*GIVEN INFORMATION*
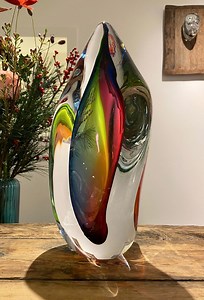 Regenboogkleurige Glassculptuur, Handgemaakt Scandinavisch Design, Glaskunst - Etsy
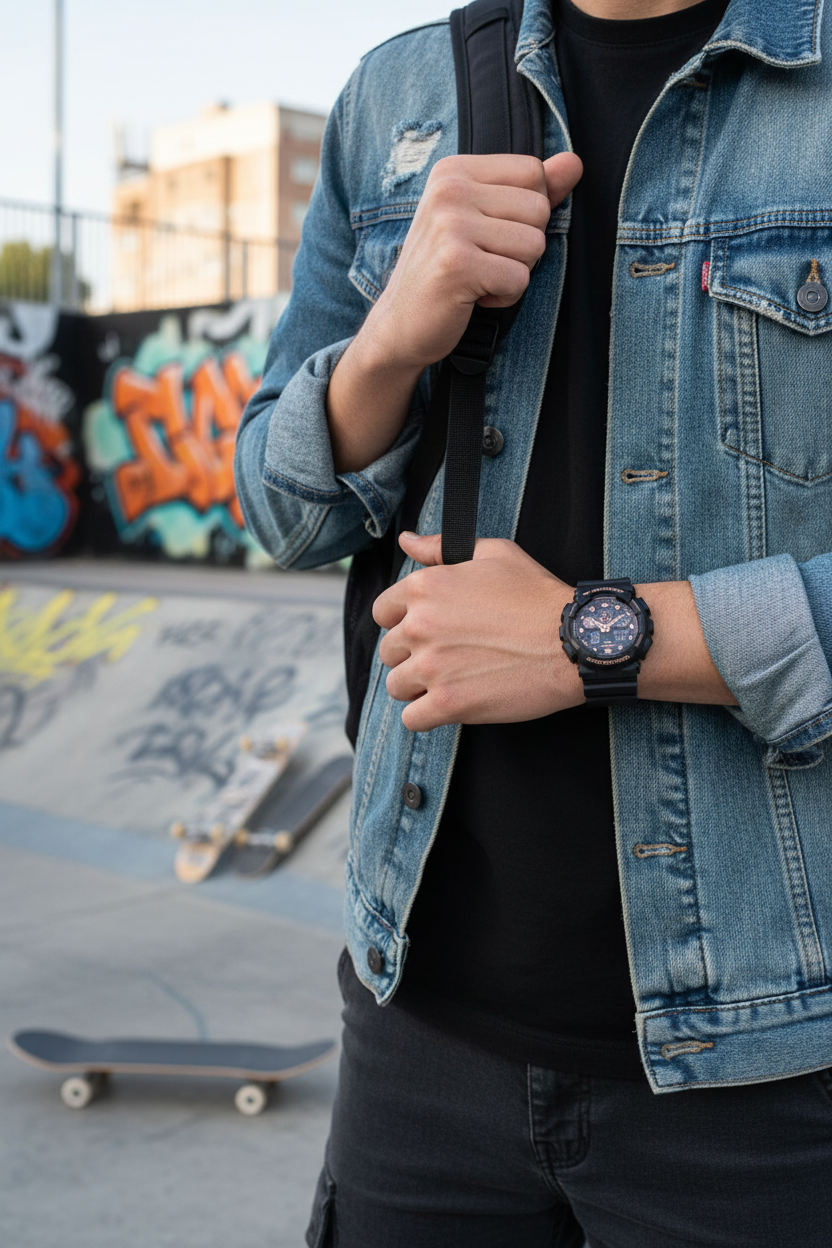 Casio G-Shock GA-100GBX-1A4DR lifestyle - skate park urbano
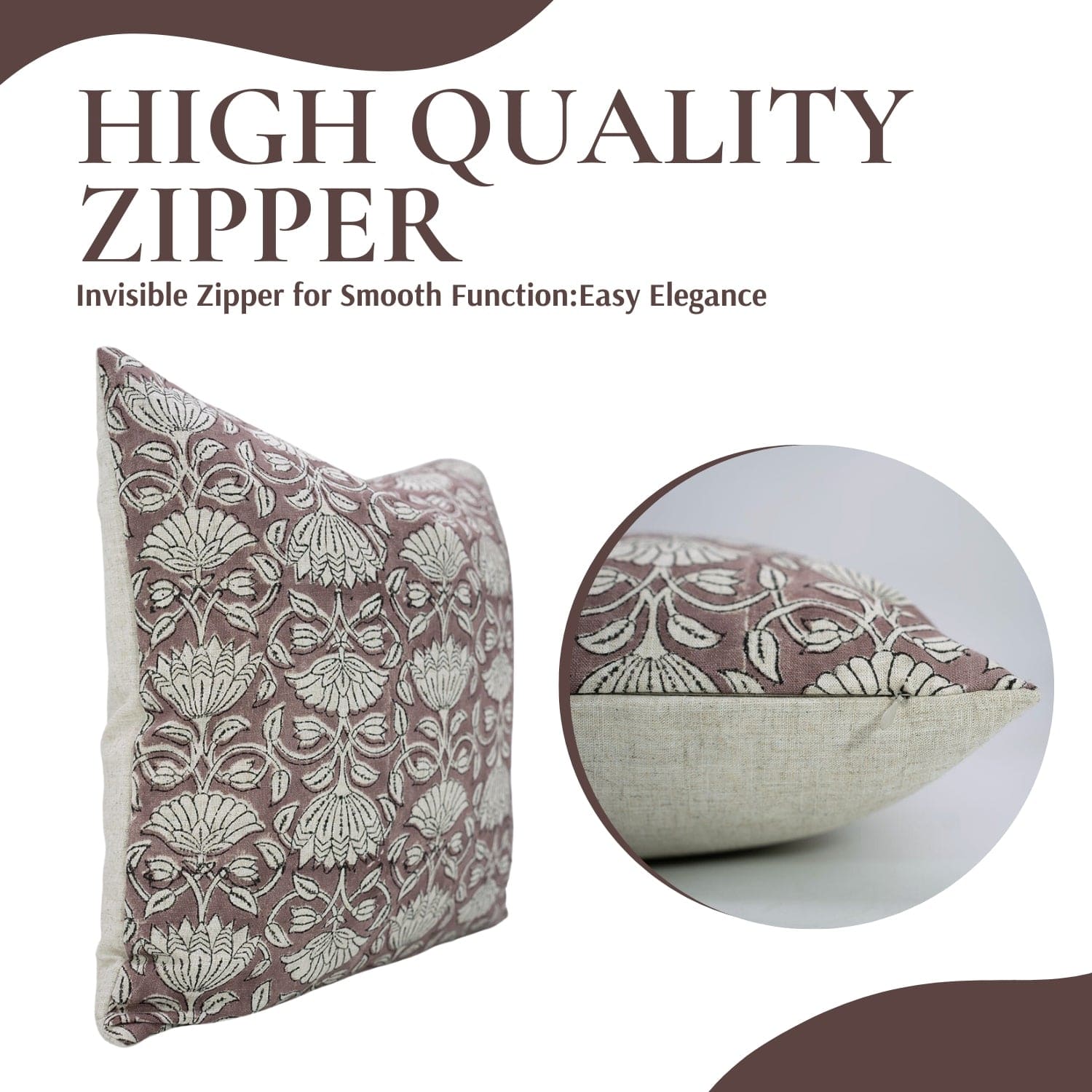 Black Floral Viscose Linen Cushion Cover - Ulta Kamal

*PROBLEM DESCRIPTION*
Write out the material above exactly; no pictures.

*SOLUTION FOR THIS PROBLEM*
 Regenboogkleurige Glassculptuur, Handgemaakt Scandinavisch Design, Glaskunst - Etsy
 Casio G-Shock GA-100GBX-1A4DR lifestyle - skate park urbano
 Black Floral Viscose Linen Cushion Cover - Ulta Kamal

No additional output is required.